Fast computing skills
First of all, we must ensure that children have a good learning attitude, concentrate on class, grasp the important and difficult points, and remember the calculation formulas, theorems, problem-solving ideas and skills of each type of questions. Do the questions in time after class to consolidate the knowledge learned that day.
Secondly, we should cultivate children's good study habits. We must form a good study habit of taking exams carefully, calculating accurately and writing neatly. In re-education, I often find that such children have a high IQ. Once they learn, they will make mistakes. What is the reason? It's not a mistake, it's inaccurate, and sometimes it's even irrelevant.
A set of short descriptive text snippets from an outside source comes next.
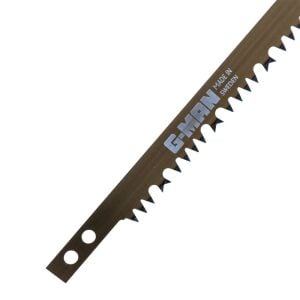 6291 G-Man ScandSaw Kolastar Ahşap Testere Ağzı 61cm (Çatal Tip)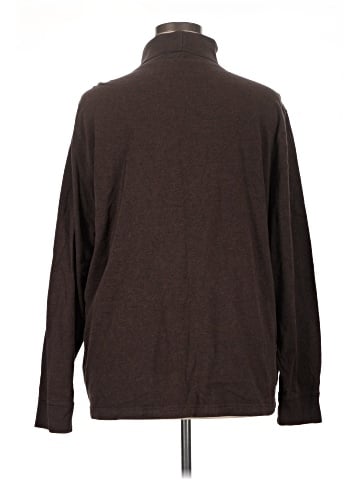 Lands' End Long Sleeve Turtleneck (view 2)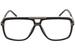 Cazal Men's Eyeglasses 6018 Full Rim Titanium Optical Frame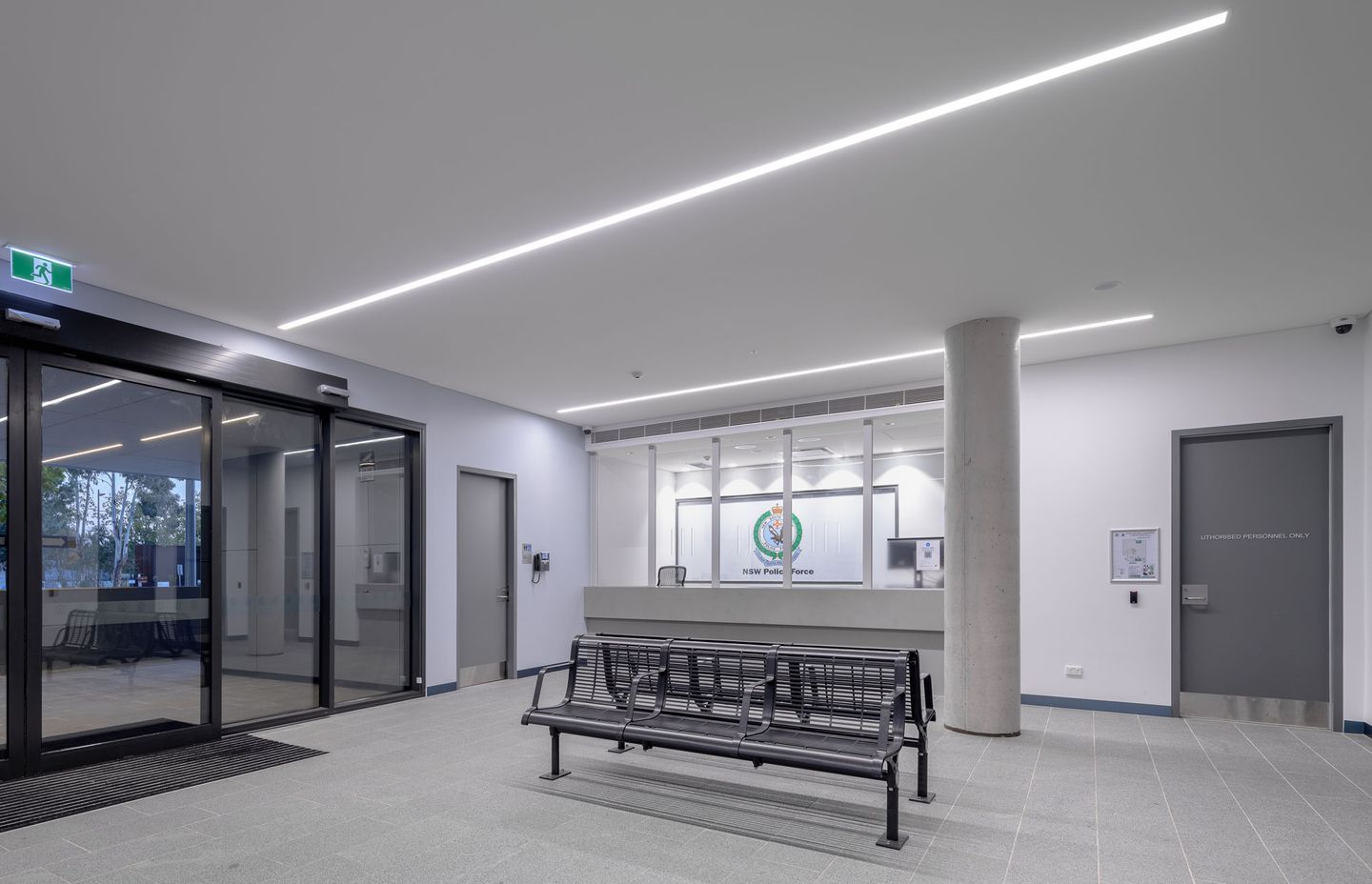 Future Generation Police Stations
As a result, math test scores are often unsatisfactory.
If you want to improve your math scores, it is necessary to do more problems, but don't engage in sea tactics, which will have a bad effect and easily make children lose interest in math. Do the questions selectively and buy two or three authoritative workbooks for your children. Don't repeat the questions that children already know. Choose children to solve difficult problems and do more problems that they have not done, so that children can achieve practice.
It is also necessary to prepare an error book for children, copy the typical problems that children often make on it, and constantly correct mistakes, with good results.